MumbleKit - A Mumble client framework for iPhoneOS
=================================================

This is the source code of MumbleKit - a Mumble client framework
for iPhoneOS-based devices.

Mumble is gaming-focused social voice chat utility. The desktop
version runs of Windows, Mac OS X, Linux and various other Unix-like
systems. Visit its website at:

 <http://mumble.info/>

Fetching dependencies
=====================

To build this you need the iPhoneOS 3.0 SDK from Apple and an
Intel Mac running Mac OS X 10.5 or later.

Before starting your build, you will need to check out the re-
quired submodules.

 $ git submodule init
 $ git submodule update

This will fetch known "working" snapshot of CELT, Speex and
Protocol Buffers for Objective C.

Building it (Xcode.app)
=======================

To build using Xcode, simply open the MumbleKit Xcode project
(MumbleKit.xcodeproj in the root of the source tree) and press
Cmd-B to build.

Building it (command line)
=========================

To build from the command line, do something like this:

 $ xcodebuild -project MumbleKit.xcodeproj -sdk iphonesimulator3.1.3 -target MumbleKit -configuration Debug

How do I include this into my Xcode project?
============================================

The current versions of Xcode with iPhoneOS support has no built-in support for building
frameworks (only static libraries).  Therefore, the MumbleKit Xcode project uses a few shellscripts
to force Xcode into creating a framework for us.

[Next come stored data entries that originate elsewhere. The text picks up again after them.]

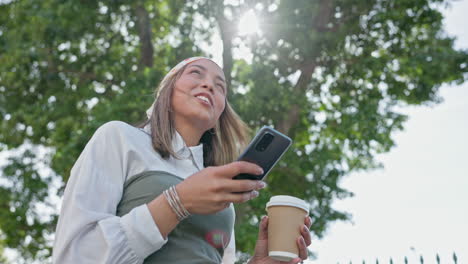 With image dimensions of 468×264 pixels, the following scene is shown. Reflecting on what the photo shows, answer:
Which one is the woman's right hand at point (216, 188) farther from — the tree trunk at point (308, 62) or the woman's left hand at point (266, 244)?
the tree trunk at point (308, 62)

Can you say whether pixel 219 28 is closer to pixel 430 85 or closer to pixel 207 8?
pixel 207 8

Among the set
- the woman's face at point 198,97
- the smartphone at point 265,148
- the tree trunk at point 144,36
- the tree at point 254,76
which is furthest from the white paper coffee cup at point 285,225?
the tree trunk at point 144,36

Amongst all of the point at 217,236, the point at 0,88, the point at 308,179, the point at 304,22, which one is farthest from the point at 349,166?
the point at 217,236

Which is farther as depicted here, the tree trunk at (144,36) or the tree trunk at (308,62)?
the tree trunk at (144,36)

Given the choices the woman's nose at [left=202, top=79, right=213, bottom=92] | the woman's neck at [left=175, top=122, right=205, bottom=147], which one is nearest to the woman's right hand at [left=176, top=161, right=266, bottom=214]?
the woman's neck at [left=175, top=122, right=205, bottom=147]

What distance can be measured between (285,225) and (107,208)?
86cm

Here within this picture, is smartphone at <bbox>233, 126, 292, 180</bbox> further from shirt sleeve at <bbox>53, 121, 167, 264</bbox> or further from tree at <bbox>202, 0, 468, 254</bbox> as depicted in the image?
tree at <bbox>202, 0, 468, 254</bbox>

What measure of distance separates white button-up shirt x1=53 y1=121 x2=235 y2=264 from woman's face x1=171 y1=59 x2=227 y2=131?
0.34 metres

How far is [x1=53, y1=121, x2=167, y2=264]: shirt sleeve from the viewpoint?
1939 millimetres

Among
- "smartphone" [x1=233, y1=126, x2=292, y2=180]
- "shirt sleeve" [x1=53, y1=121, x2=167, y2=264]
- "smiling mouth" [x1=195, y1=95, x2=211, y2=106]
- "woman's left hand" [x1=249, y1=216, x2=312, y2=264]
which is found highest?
"smiling mouth" [x1=195, y1=95, x2=211, y2=106]

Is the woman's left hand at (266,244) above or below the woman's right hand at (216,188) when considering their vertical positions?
below

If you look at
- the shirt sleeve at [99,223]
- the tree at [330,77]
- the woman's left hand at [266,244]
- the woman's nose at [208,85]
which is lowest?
the woman's left hand at [266,244]

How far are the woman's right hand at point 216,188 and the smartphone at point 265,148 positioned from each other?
0.10 meters

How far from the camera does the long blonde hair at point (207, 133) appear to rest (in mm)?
2508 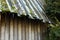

When building for a specific platform and configuration, say Debug-iphonesimulator, the default
Xcode static library template will spit out a libMumbleKit.a library in

 ${PROJECT_DIR}/build/Debug-iphonesimulator/libMumbleKit.a

The shell scripts that run during the build process creates a iPhoneOS framework of MumbleKit in the same
directory:

 ${PROJECT_DIR}/build/Debug-iphonesimulator/MumbleKit.framework

The best way to include this into your project is to drag the MumbleKit.xcodeproj somewhere into your own
project, and add MumbleKit as a direct dependency of your own target. This will force Xcode to always build
MumbleKit. (This is needed since we want to link against the MumbleKit.framework and not the libMumbleKit.a
library)

The primary consumer of this framework, the Mumble client for iPhoneOS, does the following to
successfully link against MumbleKit:

 * Mumble for iPhoneOS includes the MumbleKit git repo via a submodule

 * The MumbleKit.xcodeproj from that submodule is then included into Mumble.xcodeproj

 * MumbleKit is added a direct dependency of the Mumble application target

 * Since MumbleKit will now be built using the same platform and configuration as the
   Mumble client itself, we can use this to determine the framework search path we
   should use to find the MumbleKit.framework. Mumble uses
   ${PROJECT_DIR}/MumbleKit/build/${CONFIGURATION}-${PLATFORM_NAME}

 * -framework MumbleKit is added both as a CFLAG and a LDFLAG

 * MumbleKit dependencies are added as linked libraries to the executable target:
     - AudioToolbox.framework
     - CFNetwork.framework
     - Security.framework

 * The build should now work.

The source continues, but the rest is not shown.